→ **EXERCISE DIRECTIONS**
The reply should contain every entry exactly as given, with no pictures in it.

=== Begin Enclosure ===

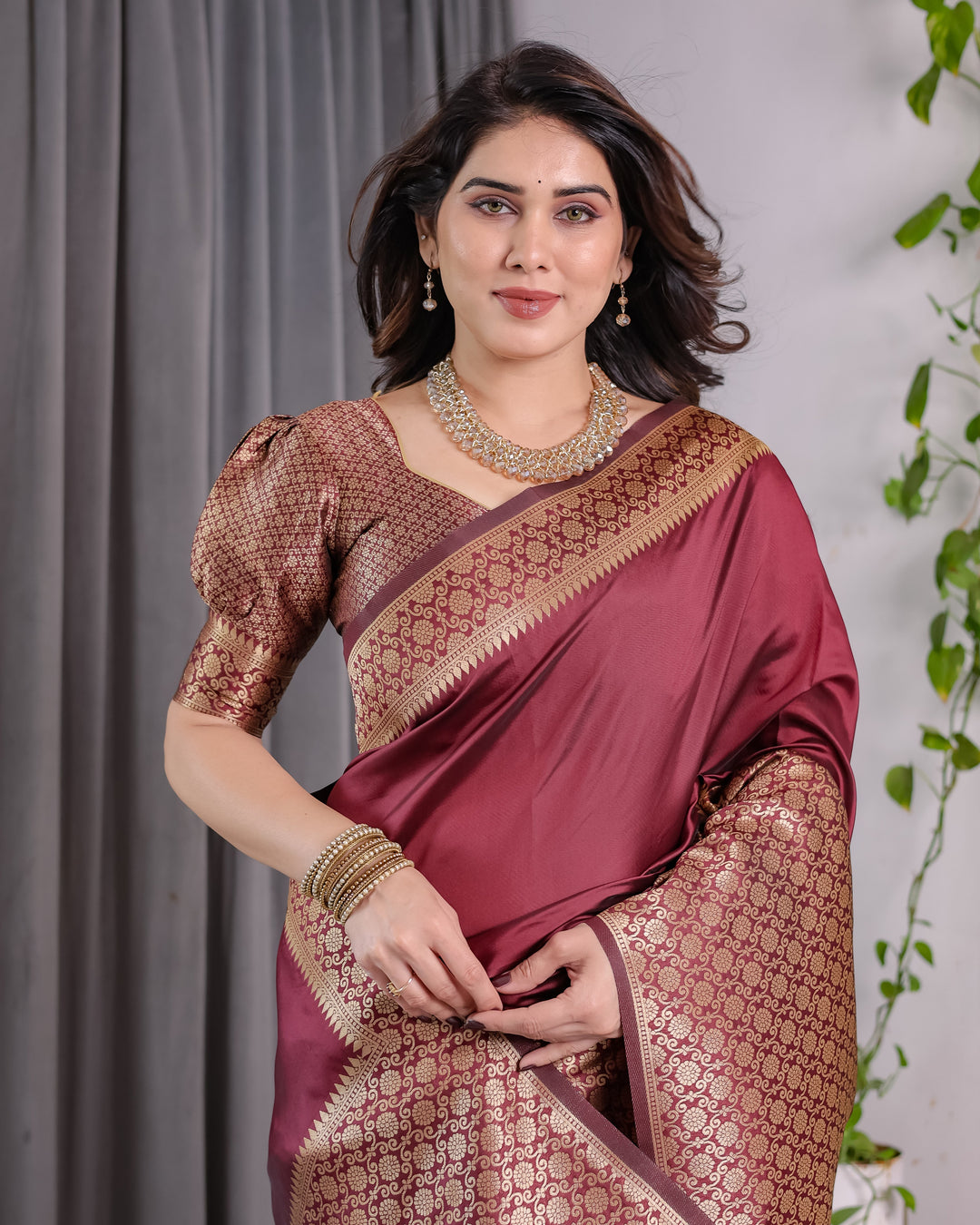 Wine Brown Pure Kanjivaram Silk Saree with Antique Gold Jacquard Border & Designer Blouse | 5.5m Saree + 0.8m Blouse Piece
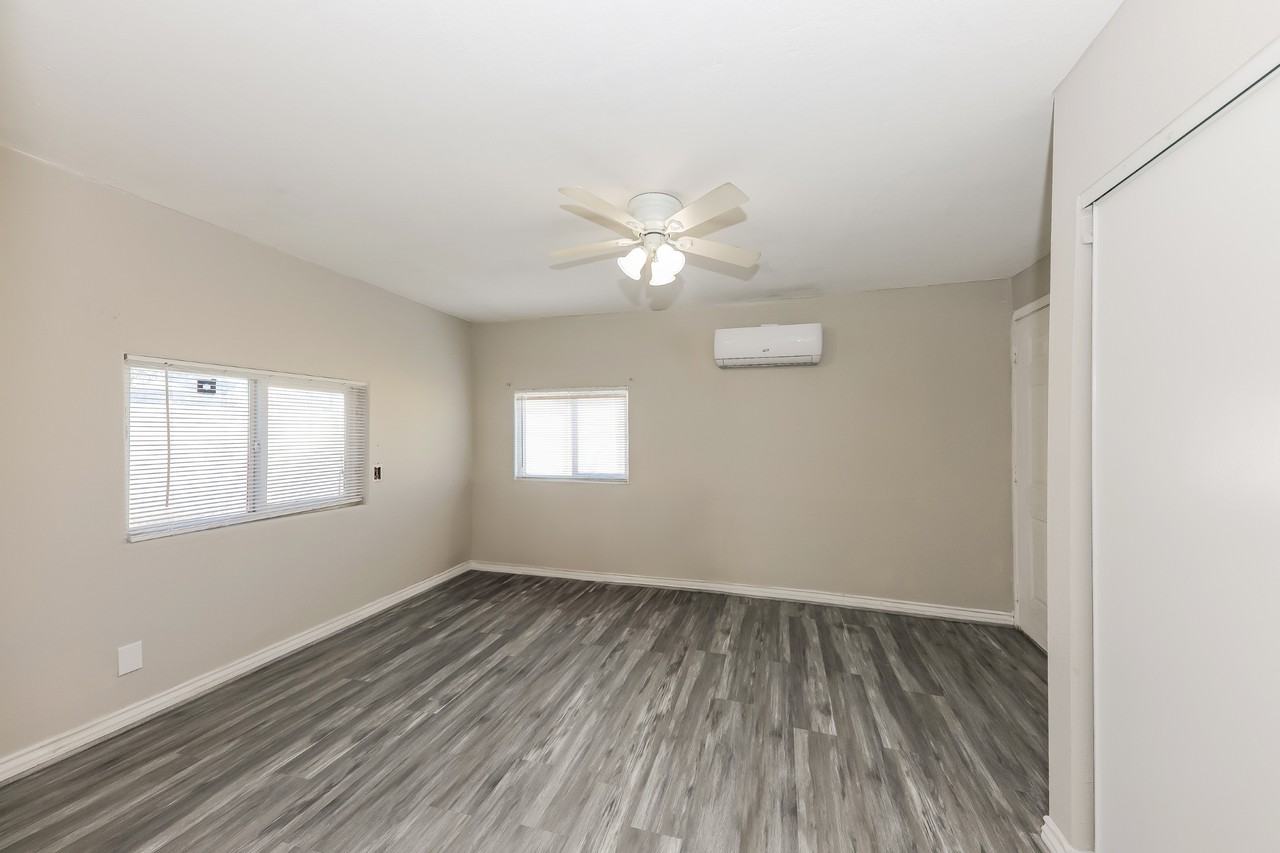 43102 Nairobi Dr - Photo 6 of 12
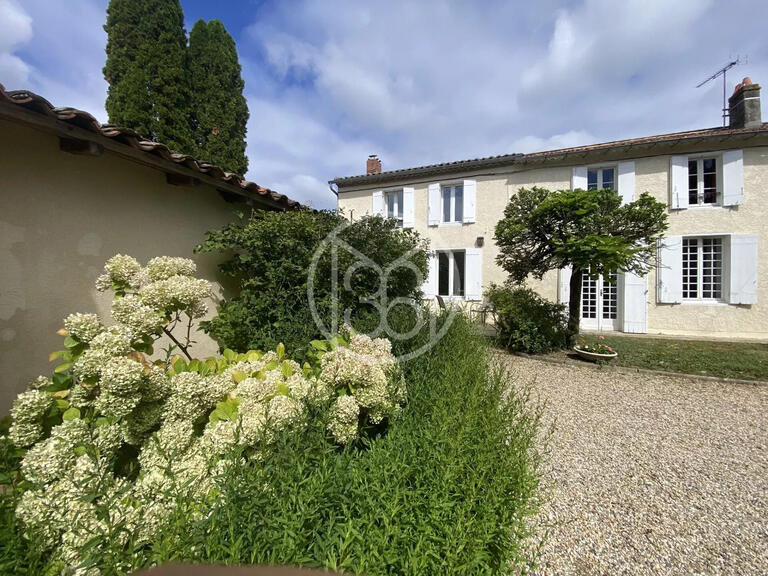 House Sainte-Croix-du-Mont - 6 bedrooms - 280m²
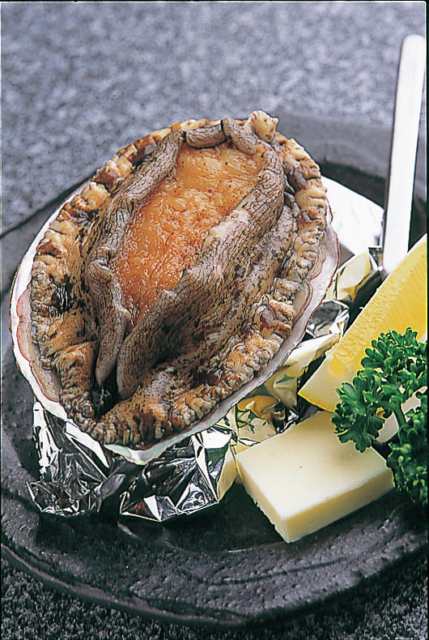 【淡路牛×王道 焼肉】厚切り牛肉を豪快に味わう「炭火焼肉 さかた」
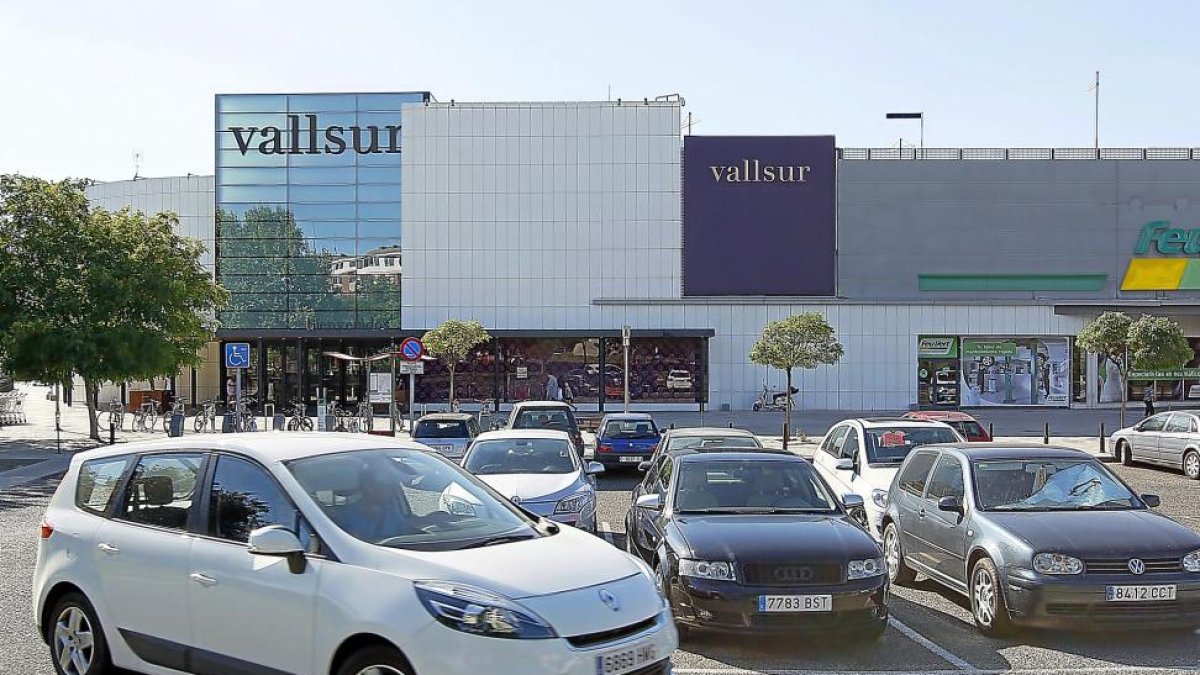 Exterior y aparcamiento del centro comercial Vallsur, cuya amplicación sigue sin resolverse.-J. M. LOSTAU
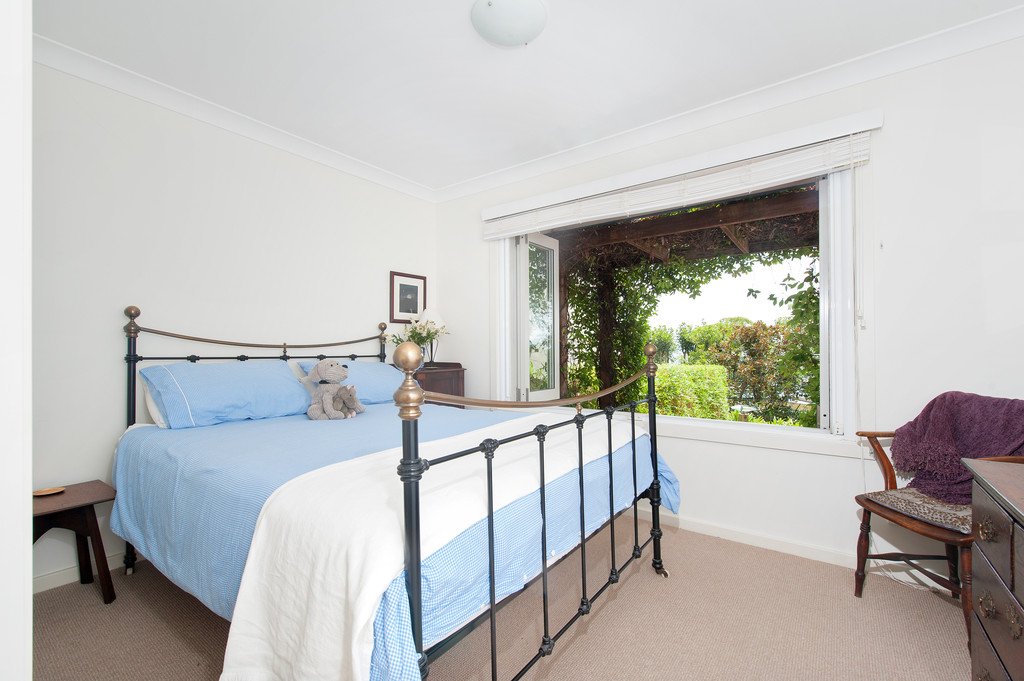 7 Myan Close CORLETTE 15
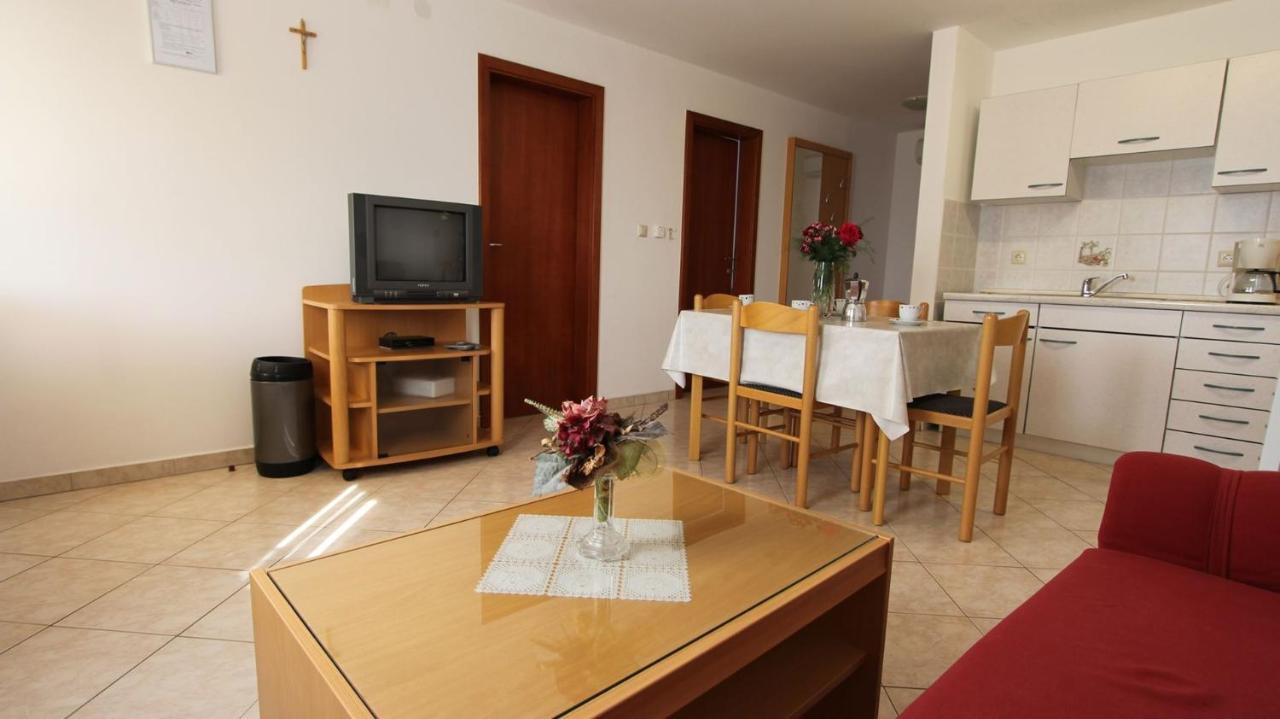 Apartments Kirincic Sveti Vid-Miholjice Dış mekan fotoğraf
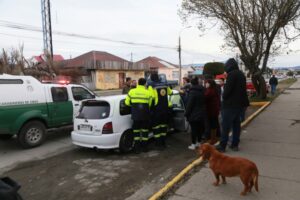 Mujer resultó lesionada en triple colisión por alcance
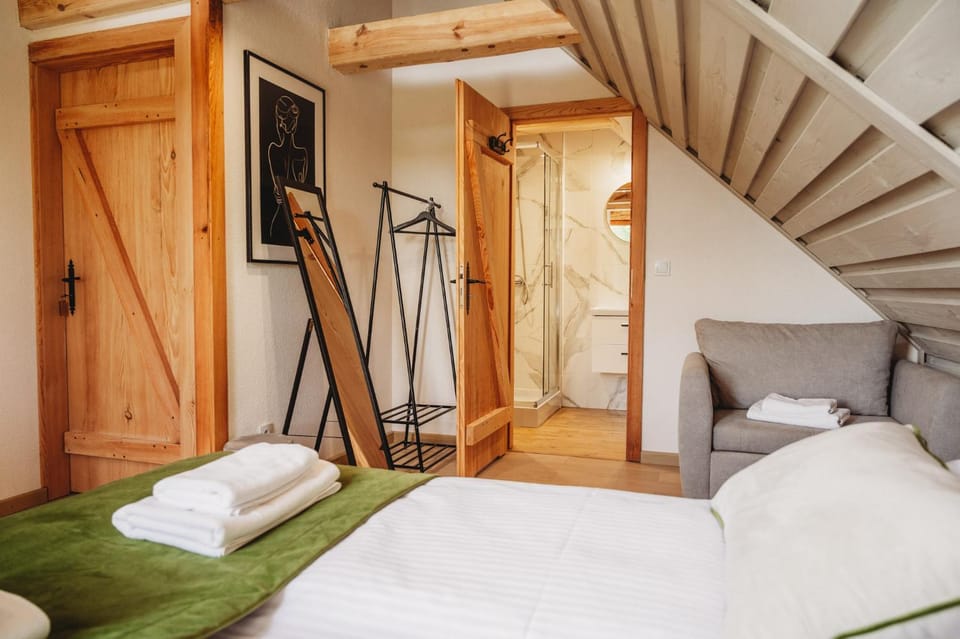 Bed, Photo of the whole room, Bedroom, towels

=== End Enclosure ===

→ **EXERCISE RESPONSE**
 Wine Brown Pure Kanjivaram Silk Saree with Antique Gold Jacquard Border & Designer Blouse | 5.5m Saree + 0.8m Blouse Piece
 43102 Nairobi Dr - Photo 6 of 12
 House Sainte-Croix-du-Mont - 6 bedrooms - 280m²
 【淡路牛×王道 焼肉】厚切り牛肉を豪快に味わう「炭火焼肉 さかた」
 Exterior y aparcamiento del centro comercial Vallsur, cuya amplicación sigue sin resolverse.-J. M. LOSTAU
 7 Myan Close CORLETTE 15
 Apartments Kirincic Sveti Vid-Miholjice Dış mekan fotoğraf
 Mujer resultó lesionada en triple colisión por alcance
 Bed, Photo of the whole room, Bedroom, towels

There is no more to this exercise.